La noche pasada se presentó la policía
nacional en la puerta de mi casa. Me preguntaron si yo era el padre de
mi hijo y después me pidieron que les acompañase a la comisaría. Mi
crío, que ya no es un crío, estaba detenido como presunto partícipe en
el apuñalamiento de un homosexual. Cuando lo tuve delante descubrí en él
una sonrisa de orgullo, yo estaba desencajado física y psíquicamente y
con los ojos encharcados. Le pregunté si lo había hecho y me respondió:
“Sí”. Quise saber el porqué y su contestación fue: “era un degenerado
repugnante, una aberración, dañaba el buen gusto, la moral y la
naturaleza. No merecía vivir, papá”.
Esta madrugada me ha costado muchas
horas dormirme, tantas que se me antojaron vidas, vidas perdidas, vidas
malgastadas, y cuando lo conseguí soñé con gatos, conejos y ratones, y
con mi hijo. En mi sueño esas criaturas estaban vivas y él libre, pero
al despertar esta mañana he recordado que todas ellas habían muerto y
que él ha pasado la noche en una celda. En este instante entiendo que en
cierto modo yo las he matado y que al fin he sido yo quien de alguna
manera lo ha condenado. En aquel cuchillo, sin haberlo empuñado, también
están mis huellas. No las dactilares, pero sí las morales.

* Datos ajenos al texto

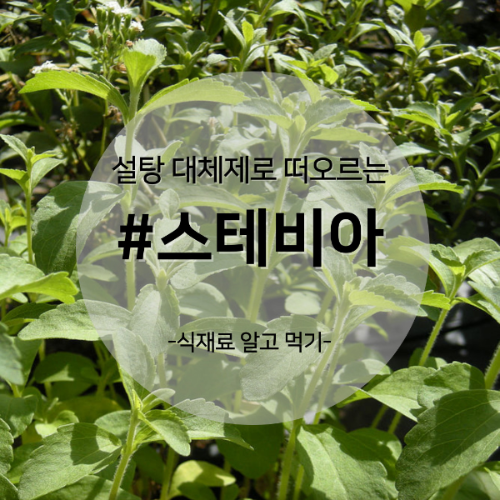  알고 먹기 1. #스테비아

“El hombre ha hecho de la tierra un infierno para los animales” (Arthur Schopenhauer, filósofo).
“Qué es eso que debe dibujar la
línea insuperable? La pregunta no es, ¿pueden razonar?, ni ¿pueden
hablar?, sino, ¿pueden sufrir?” (Jeremy Bentham, filósofo)
“Un niño que crece rodeado de
agresión contra cualquier ser vivo tiene más probabilidad de violar,
abusar o matar a humanos cuando sea adulto” (Stephen Kellert, profesor de Ecología Social y Alan R. Felthous, profesor de Psiquiatría Forense).